# Uvex i-vo, i-vo c, i-vo cc - Unterschiede?



## Hennes8 (4. August 2015)

Hallo,

ich habe im Laden nach einem neuen Helm zu gucken, da sind mir die 3 Modelle aufgefallen. Die Preise sind jeweils aufsteigend. Weder im Laden noch im Internet konnte ich feststellen welche Unterschiede es gibt.
Kann es sein, dass man den Mehrpreis lediglich für eine matte statt einer glatten Oberfläche zahlt?
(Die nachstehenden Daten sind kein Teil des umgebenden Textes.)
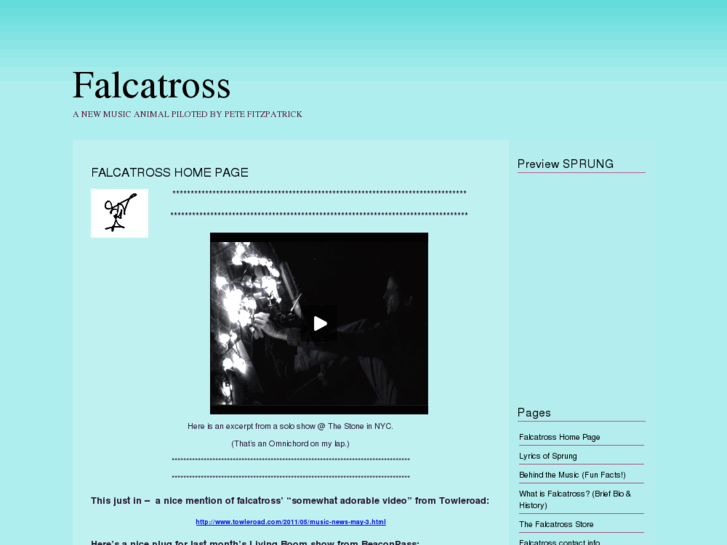 www.falcatross.net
Und noch eine Frage zum Uvex Quatro Helm. Den habe ich in weiß/schwarz gesucht und wurde bei Amazon fündig - als Damenmodell. Gibt es das tatsächlich? Dachte die Helme wären Unisex?

mfg
Hennes


----------



## Lonelybiker (24. Februar 2016)

??? würde mich auch interressieren

gibts da unterschiede? vom c zum cc?

passen an beiden die selben beleuchtungen?


----------



## MTB-News.de




----------



## mohlo (4. April 2016)

Man kann doch deutliche Unterschiede erkennen. Der "CC" hat gegenüber dem "C" ein längeres Visier, kommt im Mattdesign und ist 10 EUR teurer.


----------



## Lonelybiker (4. April 2016)

okay..
hat sich für mich eh erledigt...habe den c und bin zufrieden


----------